Certes, cette définition est un peu bigarrée, car elle est le résultat d’un compromis entre plusieurs propositions conciliaires, comme il arrive souvent dans ce Code de droit canonique. Mais son but apparaît ici clairement : le synode est une réunion d’évêques dont le rôle est double : favoriser l’union étroite entre le Pape et les évêques et aider de ses conseils le Pontife romain, dans l’examen des affaires les plus graves de l’Église. Il est par conséquent un organisme normalement consultatif, sans être, une fois encore, l’organe officiel à travers lequel la collégialité se manifeste dans l’Église. Le synode des évêques aide le Souverain Pontife par ses conseils et la praxis habituelle dans les réunions du synode est de débattre de façon approfondie des questions proposées, de donner un avis, et de remettre ensuite entre les mains du Pape tous les matériaux ainsi élaborés, afin qu’il en fasse ce qui lui semblera bon. Il est bien connu que certaines encycliques ou lettres apostoliques parmi les plus importantes de ces derniers temps ont leur origine dans ces documents ; il est moins connu que quelques synodes ne donnèrent que de pauvres résultats, obligeant le Pape à tout reprendre de manière personnelle.

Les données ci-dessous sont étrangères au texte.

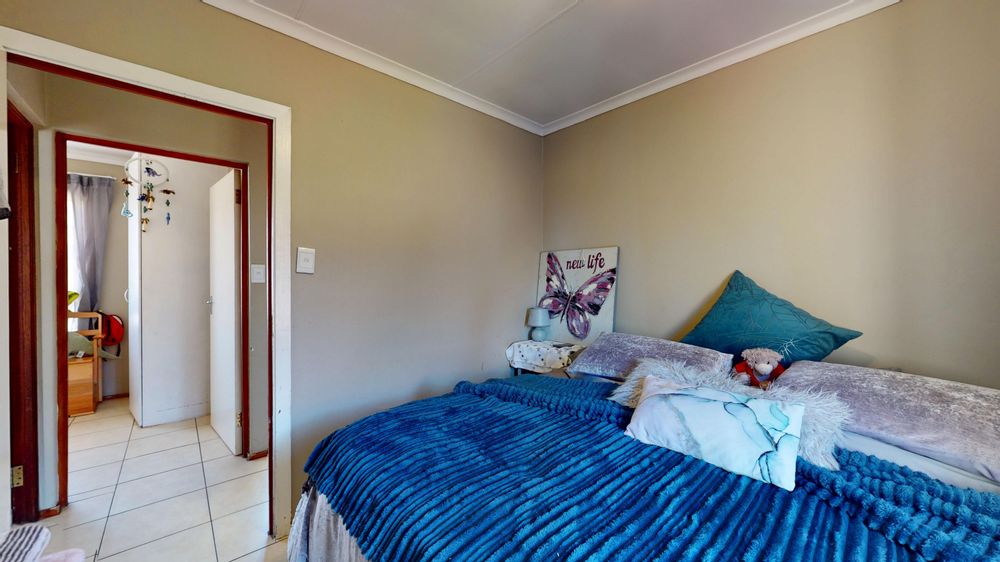 1st family bedroom with BIC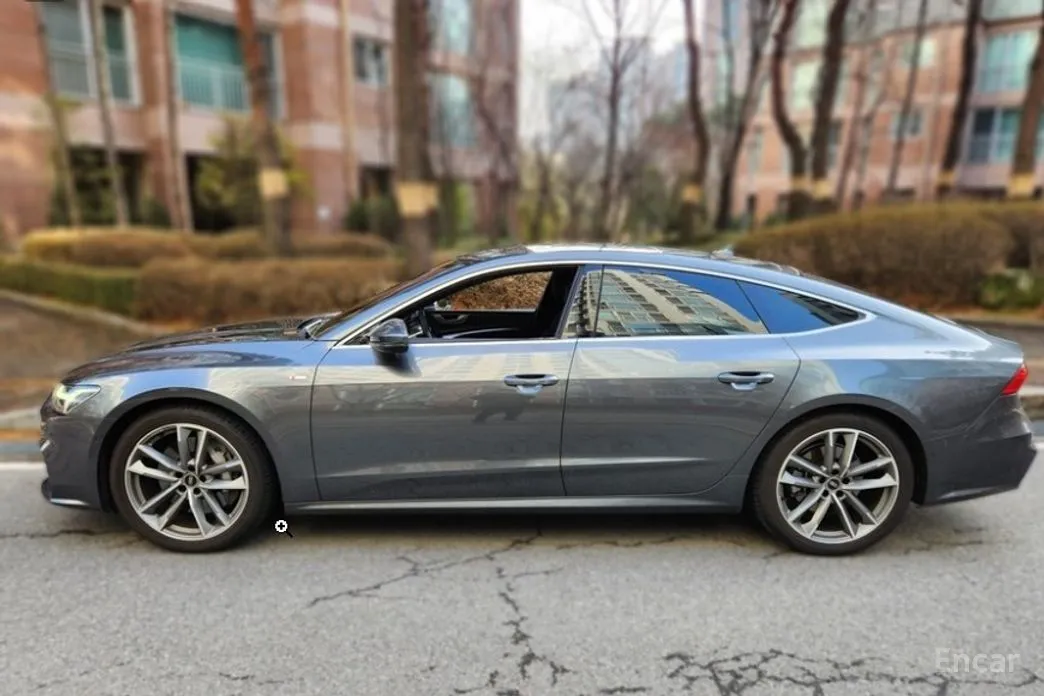 Фото 3 - Audi A7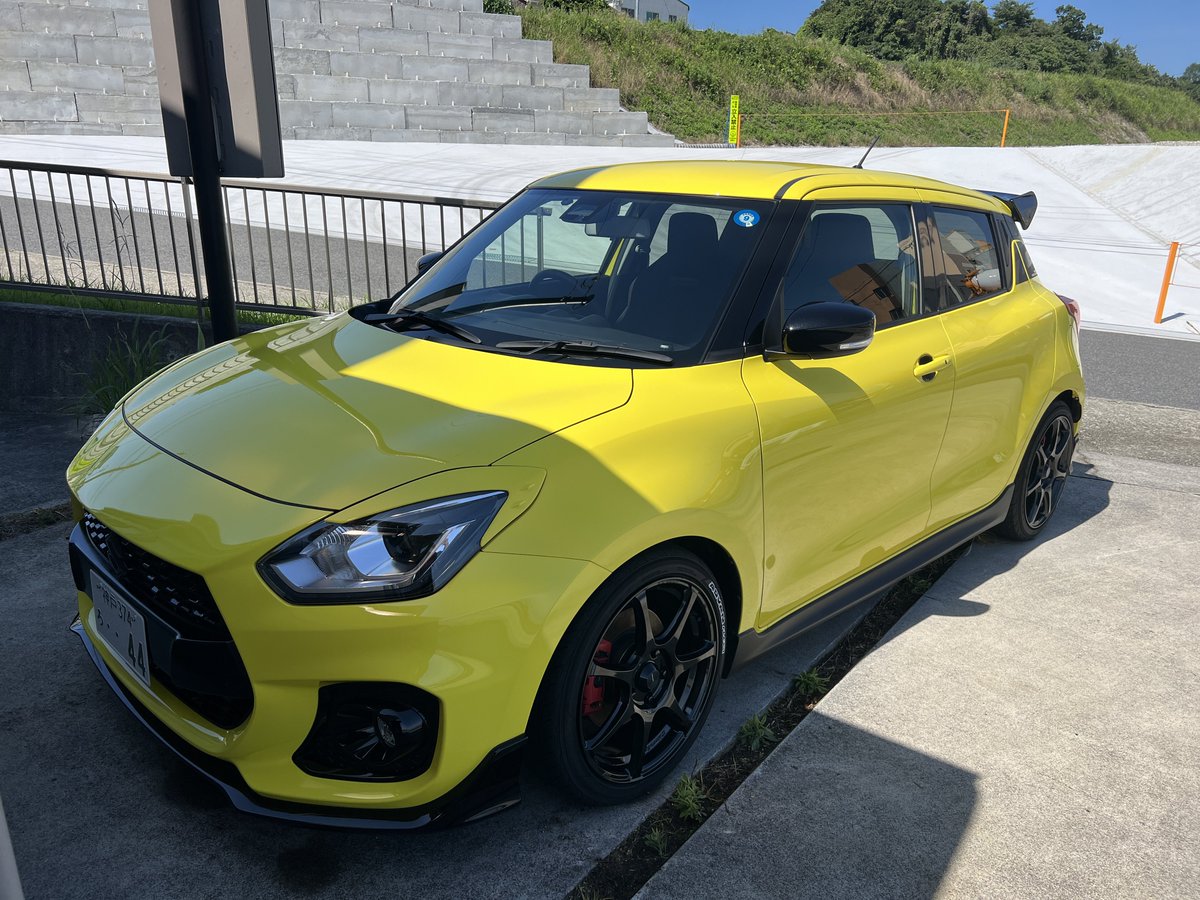 やっとこさクルマ洗車出来た✨ #SWIFTSPORT #ZC33S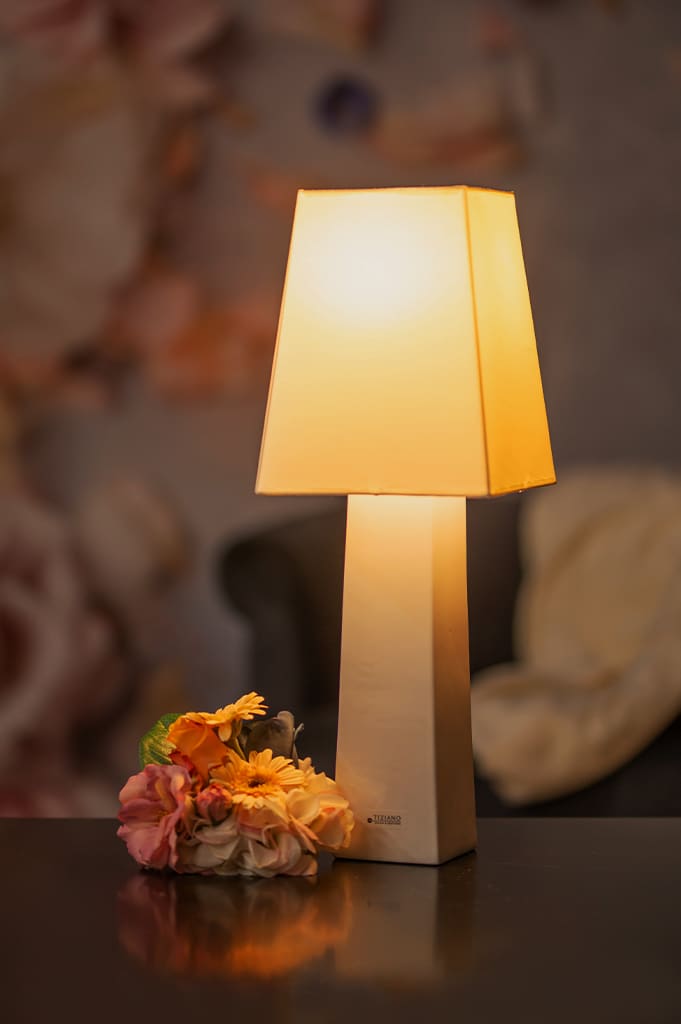 salietto-lampe-weiss-creme-produktbild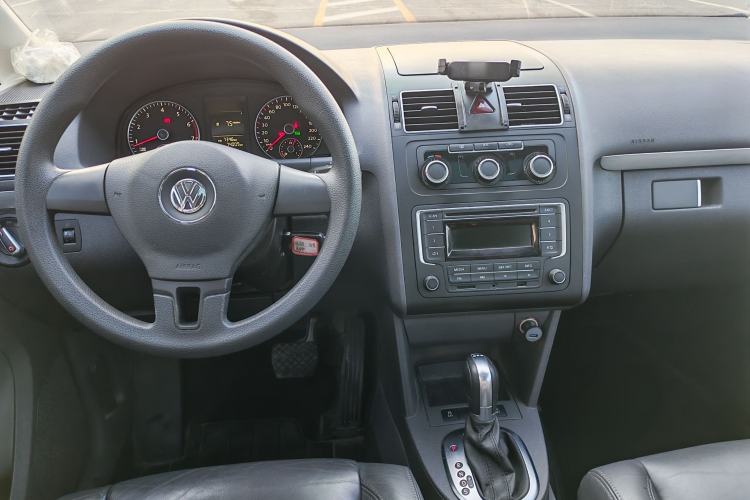 Used Volkswagen Touran 2015 1.4T DSG Comfort Edition 5 Seats Steering Wheel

Selon le canon 345, il y a trois types d’assemblées synodales que le pape peut convoquer :

« Le synode des évêques peut être réuni en assemblée générale qu’elle soit ordinaire ou extraordinaire pour traiter des questions concernant directement le bien de l’Église tout entière, ou bien en assemblée spéciale pour étudier les affaires concernant directement une ou plusieurs régions déterminées. »

La spécificité de chaque assemblée est donc définie selon trois critères distincts : le sujet étudié, le degré d’urgence, et la région concernée. Comme je l’ai déjà dit, la composition de l’assemblée variera selon les types, mais il y aura toujours quatre critères de représentation stable : il doit y avoir des représentants de l’épiscopat oriental et latin (même si le sujet ne concerne que l’un ou l’autre), les responsables de la curie romaine, des représentants des supérieurs religieux, et des membres choisis par le pape.

Le synode convoqué en octobre prochain n’échappe pas à ces règles, à en lire la liste des participants publiés récemment par le Vatican. Ces noms correspondent à des personnes provenant des divers continents : il y aura 114 Présidents des Conférences épiscopales, 13 chefs des Églises catholiques orientales, 25 chefs de dicastères (congrégations ou conseils pontificaux) de la Curie Romaine, 9 membres du Conseil ordinaire du Secrétariat du Synode, le Secrétaire général et le Sous-Secrétaire du Synode, 3 religieux élus par l’Union des Supérieurs généraux. Il y a aussi 26 membres directement nommés par le Pape, ainsi que 38 auditeurs, dont 13 couples mariés et 16 experts. Il y aura enfin 8 « délégués fraternels », c’est-à-dire des chrétiens d’autres confessions chrétiennes (orthodoxes, anglicans, luthériens, réformés, baptistes, etc.). Le total des personnes participant à l’Assemblée synodale d’octobre est de 253.

Le président du Synode est le Pape lui-même, assisté de Vice-Présidents, encore appelés Présidents délégués : le Cardinal André VINGT-TROIS, Archevêque de Paris (France) ; le Cardinal Luis Antonio G.TAGLE, Archevêque de Manille (Philippines) ; le Cardinal Raymundo Damasceno ASSIS, Archevêque d’Aparecida (Brésil) et Président de la Conférence épiscopale brésilienne.

Certes, le Pape François avait parlé de réformer l’institution synodale, mais le temps a manqué avant cette convocation d’octobre et le Saint-Siège a d’ores et déjà prévenu que les pas nécessaires pour amender les normes et procéder à une véritable restructuration de l’organisme synodal seront faits ; sans doute plus tard. Cela n’empêche pas de se réunir ; cependant, cette réflexion synodale se ferait en deux étapes, ce que beaucoup, journalistes ou non, me semble-t-il, n’ont pas voulu entendre. Le déroulement du prochain synode sera bien articulé en deux étapes : l’Assemblée générale extraordinaire de 2014 et l’Assemblée générale ordinaire de 2015, après laquelle sera publié le document synodal dans laquelle le Pape prendra sans doute des décisions pastorales. Faut-il donc attendre je ne sais quelle réforme cette année ? Sans doute, non. Et faisons attention de ne pas surenchérir les attentes afin d’éviter de trop grandes désillusions.